Estas ordens colocam uma série de exigências às instituições de ensino, e o executivo tem exercido pressão para que as universidades as cumpram. Porém, a Universidade de Harvard – uma das cinco melhor classificadas instituições de ensino superior do mundo – não cedeu, e o confronto atingiu outro patamar.

Na carta dirigida a Alan Garber, presidente de Harvard, e a Penny Pritzker, membro principal da Harvard Corporation, o governo afirma que «Harvard não tem conseguido, nos últimos anos, cumprir as condições em matéria de direitos intelectuais e civis que justificam o investimento federal». Por conseguinte, deveriam cumprir as exigências do executivo, que podem ser consultadas aqui: (https://www.harvard.edu/research-funding/wp-content/uploads/sites/16/2025/04/Letter-Sent-to-Harvard-2025-04-11.pdf). Na carta de resposta os advogados que Harvard escolheu para representar a instituição nesta batalha contra o governo, William A. Burck e Robert K. Hur, deixaram claro que a Universidade não respeitaria as imposições: «É lamentável, portanto, que a sua carta ignore os esforços de Harvard e, em vez disso, apresente exigências que, em violação da Primeira Emenda, invadem as liberdades universitárias há muito reconhecidas pelo Supremo Tribunal», escrevem os advogados, que finalizam a carta da seguinte forma: «Harvard não está preparada para concordar com exigências que ultrapassam a autoridade legal desta ou de qualquer administração».

Perante esta resistência, a Casa Branca anunciou, a 14 de abril, o congelamento de 2,2 mil milhões de dólares em subsídios e 60 milhões de dólares em contratos com a Universidade. Num comunicado posterior a este anúncio, Garber destacou a importância elevada que tem a investigação levada a cabo na Universidade e sublinhou as «exigências sem precedentes feitas pelo governo federal para controlar a comunidade de Harvard», garantindo que «a Universidade não abdicará da sua independência nem dos seus direitos constitucionais».

Batalha judicial

Perante o congelamento dos fundos, Harvard avançou com um processo legal contra a administração Trump, e «a medida surge apenas um dia depois de a administração Trump ter alegadamente planeado cortar mais mil milhões de dólares em subsídios e contratos federais a Harvard», avançou o diário estudantil The Harvard Crimson. A queixa contra o executivo estende-se por 51 páginas e apela para que o tribunal «declare ilegal o congelamento de 2,2 mil milhões de dólares, bem como quaisquer congelamentos feitos em ligação com “condições inconstitucionais”», escreveu o mesmo jornal.

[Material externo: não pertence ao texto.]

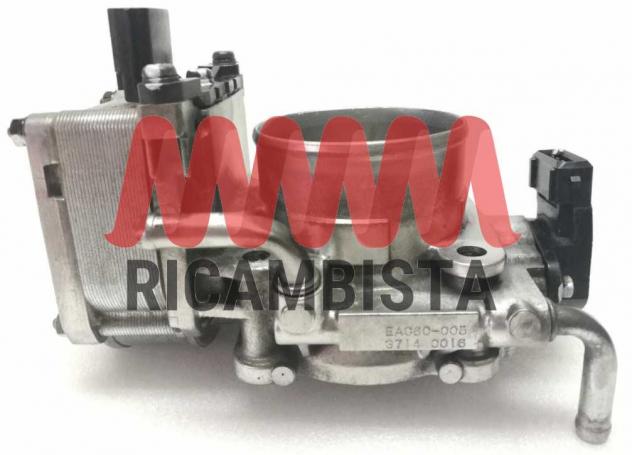 Mitsubishi Pajero Pinin corpo farfallato Mikuni EAC60-005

Na segunda-feira, membros de mais de 100 universidades assinaram um «apelo ao diálogo construtivo», onde frisam «a ingerência governamental sem precedentes e a interferência política que atualmente põem em perigo o ensino superior americano», mostrando-se «abertos a uma reforma construtiva». «Em nome dos nossos atuais e futuros estudantes», remata o baixo assinado, «apelamos a um compromisso construtivo que melhore as nossas instituições e sirva a nossa república». Ainda assim, e mesmo que aparentemente haja uma abertura ao diálogo por parte de Trump, «neste momento não está a ser considerada qualquer reunião», disse um membro da Casa Branca à CNN.

Assim, o braço de ferro entre o governo e a comunidade académica continua no país que conta com a melhor e mais prestigiada rede de ensino do mundo.